A Tribute to Lord Cholmondeley
By Robin Treffgarne
Date Added: 17/07/2009
Article
Competition can often be a really encouraging spur and give a keen edge to otherwise mere vague good intentions. This is I certainly true when handwriting is concerned: to have an annual contest makes a decided difference to handwriting when practised in a school term.
In 1950, Lord Cholmondeley offered prizes for an annual handwriting competition between Eton and Harrow, bringing together two schools who for some years, independently of each other, had begun to develop an interest in this then very neglected field. In combining their activities, Lord Cholmondeley helped greatly in the development of Italic in the two schools. Winchester joined the contest in 1952, and all three have continued to compete against each other annually.
Competition may, of course, encourage a polish and display not entirely a feature of normal handwriting; some formality creeps in and courtly flourishes find a breathing-space. But the judges wisely curb, without wishing to destroy, these tendencies, bearing in mind that the competition aims to encourage as wide an interest as possible, and to convert the heathen hands to the Italic: in their own words, “the writing should be in a good ordinary cursive hand, not a strictly formal hand. Attention should be given to the form of the letters, to legibility, fluency, spacing of words and letters, and the placing of the text upon the page."

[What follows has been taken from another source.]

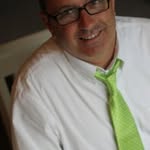 Doug Browning - @dougandjuliebrowning - Instagram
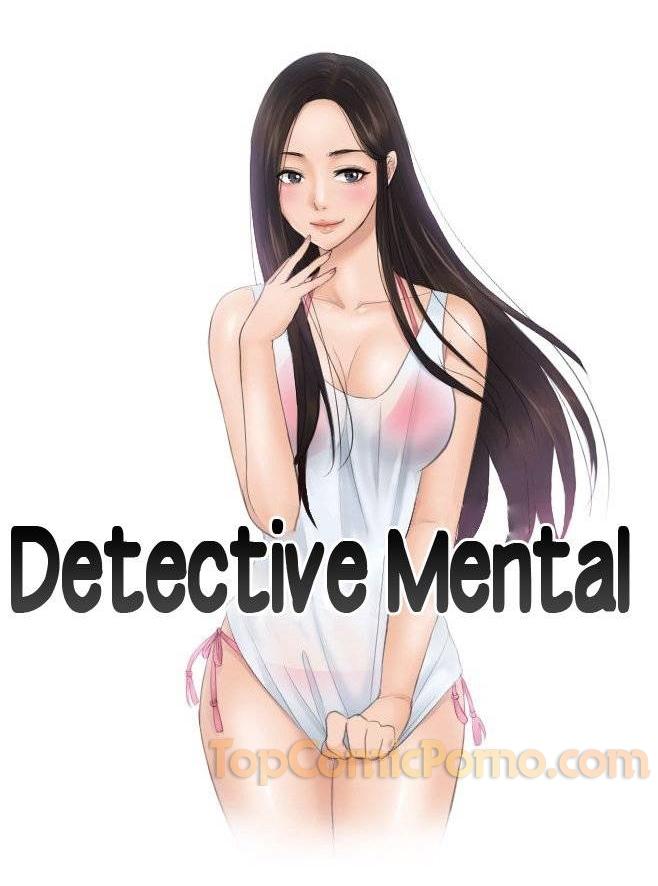 detective-mental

A varying choice of about eighteen lines of prose or verse is used as the set-piece for the year, and each School can submit six entries by their seniors, over 15½ years, and six shorter entries by their juniors.
Eton had commenced their handwriting activities in the early 1940's when Wilfred Blunt inspired an interest in Italic; Sir Sydney Cockerell had also given some encouragement. Harrow was fortunate in that the Head Master, the late Dr. Ralph Moore, became personally interested in the Italic which Maurice Percival began to teach in 1948, following a lecture by James Wardrop, (the first of an annual series) on hand-writing. With Lord Choldmondeley's own very active interest, and the start of the Competition, it is fair to claim all these as part of the pioneering period in the development of the italic hand. They occurred, in fact, some years before the foundation of the Society for Italic Handwriting.
The names of Lord Cholmondeley's prize winners are inscribed in a finely-bound volume by Mrs. Irene Wellington, who assists in the judging and writes a commentary on theindividual competitors, a very helpful and interesting item of the event. Eton have won the Competition the most, and Eton and Harrow share a distinction of producing the winner three years running, with T. H. R. Harmsworth (1955-7) for Eton, and M. D. d' Abo (1960-2) for Harrow.